Mas que alcance é aquele, afinal? Boa Pergunta dá pronta resposta: anda-se pelo jangle, pedem-se emprestadas as linhas precisas do math e os crescendos do post-rock. Com efeito, anda-se “por toda a arte”, como atesta o lema do duo no seu Bandcamp.

Destaque para Imazhigen, desgarrada também meio jangle, meio de improviso, devidamente compassada e onde já se nota que a dupla está entrosada, com Vini Reilly observando este espelho de guitarras ali ao fundo. Se até já tínhamos ouvido similar, em Crystals abre-se um mundo novo, cumprindo-se parte do lema da banda, dada a intensidade melódica do trompete de Zé Cruz (Wooden Arm Tree). A guerra pela diferença começa aqui a ser ganha.

Volcabulary vai crescendo paulatinamente – piadola fácil, bem sabemos, mas vai aumentando o seu vocabulário sónico. Não estamos perante dois meros curiosos que fizeram umas coisas num quarto e acharam por bem gravar. Temos, outrossim, dois músicos que usam da experiência para fazerem um caldo com tudo o que se espera de um projecto oriundo de um País de forte tradição guitarreia, mas que pretende entrar no século XXI com gosto e noção: samples, colaboração com sopros e sentir os pedais, na busca de um disco diferente e pretensamente inovador, mas ao mesmo tempo ancorado noutras (recentes) épocas.

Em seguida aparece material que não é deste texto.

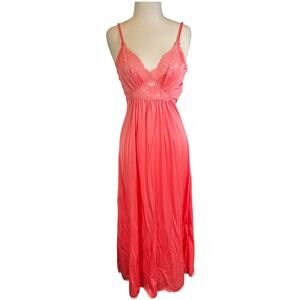 Vintage JCPenney Coral Nightgown Medium Lace Slip Dress Sleepwear 100% Nylon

Assim de surra, muitos dos ritmos remetem para Blu Terra, composição do grande Mr. Wollogallu, uma preciosidade de 1991 da autoria de Nuno Canavarro e Carlos Maria Trindade. Não havendo bateria, ouvimos também, vagamente e lá ao fundo, um pouco de Robert Quine e Fred Maher em Basic – e há, na desgarrada de Playtime, a proeminência da percussão de Carlos “Kabeção” Rodrigues.

Apache é a composição mais simples do álbum. Fugazes uivos de fundo num crescendo onde o acústico se torna eléctrico, onde o simples se torna complexo e onde se chega a um apogeu neste pow wow de samples e melodia.

As pedaleiras são o multiplicador de força da criatividade da banda, tal como o sampler. Se Bernardo Sampaio já tinha mostrado, nos Then They Flew, que tem um ouvido-esponja, aqui continua a mostrar a queda para um blending de influência: ora ouvimos um ritmo que soa a um adufe electrónico porque, bem, é um artista português, ora vêm ao de cima melodias e espécies de batidas que remetem para Forest Swords.

Parece que se seguiu a praxe de deixar o melhor para o fim: Garviachi. Encontro de guitarras, samples e sopros de Lanita, Sampaio e “Mariachi” Nunes, tomando aqueles a liderança; a tradição guitarreira nacional encontra-se com o experimentalismo improviseiro e uns pós de klezmer (mercê dos sopros) e o resultado é um fecho em grande.

Ao contrário do que tantas vezes acontece quando se cruzam intervenientes de origens musicais diferentes e cujo resultado é uma salganhada incoerente e sem identidade, Volcabulary mantém uma linha constante, trazendo à colação elementos que não destoam – antes acrescentam – à narrativa sónica. Um diálogo que se ouve de uma penada e que se espera que continue a produzir mais e melhor vocabulário (raios partam a piada fácil), talvez até um dicionário. De ser para ser, para toda a parte, por uma data de sons e com muita arte? Sem dúvida.

Resta saber quando continuará a misturadora dos Blænd a subir de intensidade.